Strong bond: Jett Turner and Keellan Milinkovic at Sutherland Aquatic Centre. Picture: Jane DysonCRONULLA Water Polo Club players Jett Turner and Keellan Milinkovic have a special bond beyond their sporting endeavours.

Two angels will be watching from above as the teenagers play in August for the Australian Youth under-15s team tour of Belgrade.

The 10-nation, Memorial Darko Cukic Tournament, is on August 13-18.

Jett, 15, of Caringbah, and Keellan, 14, of Oyster Bay, have experienced sadness during the past year.

Jett’s father David died in 2013 and Keellan’s mother Taryn died in 2012.

Both boys’ parents would be proud to see how their sons have stayed positive to do so well.

“This is my first time in the Australian team,” Keellan said.

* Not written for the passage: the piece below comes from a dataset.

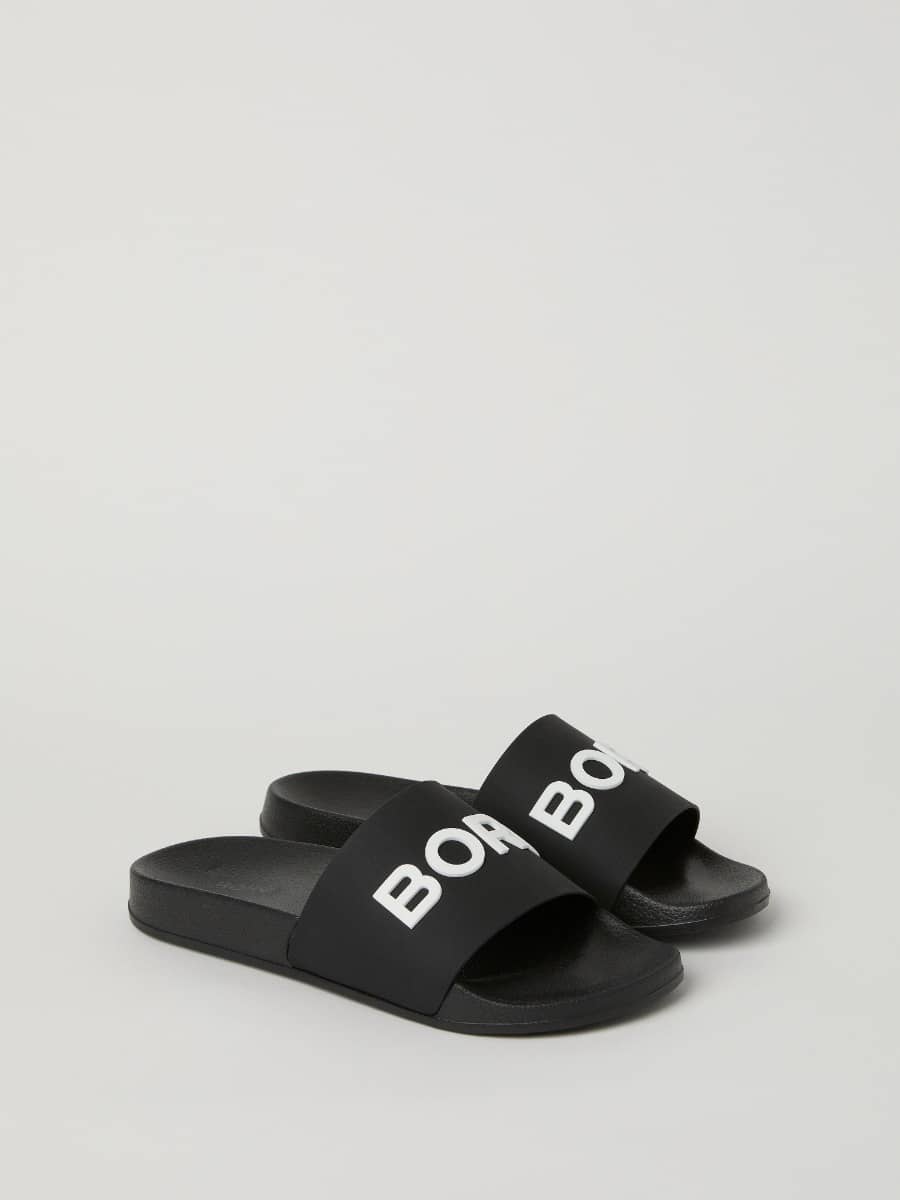Schwarze Men's Sandal Knox Badesandalen mit weißem Borg-Logo auf dem bequemen TPU-Riemen für optimalen Tragekomfort. - Image 2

Jett said it would be his first selection for the national under-15s team to head overseas.

Both boys have been mates through Cronulla Water Polo Club since they started there at seven.

Keellan is a year 9 student at Kirrawee High School and Jett is in year 10 at Cronulla High School.

“We’re good mates through Cronulla Water Polo Club,” Jett said.

Both Dave Turner and Taryn Milinkovic will be cheering the boys in Belgrade.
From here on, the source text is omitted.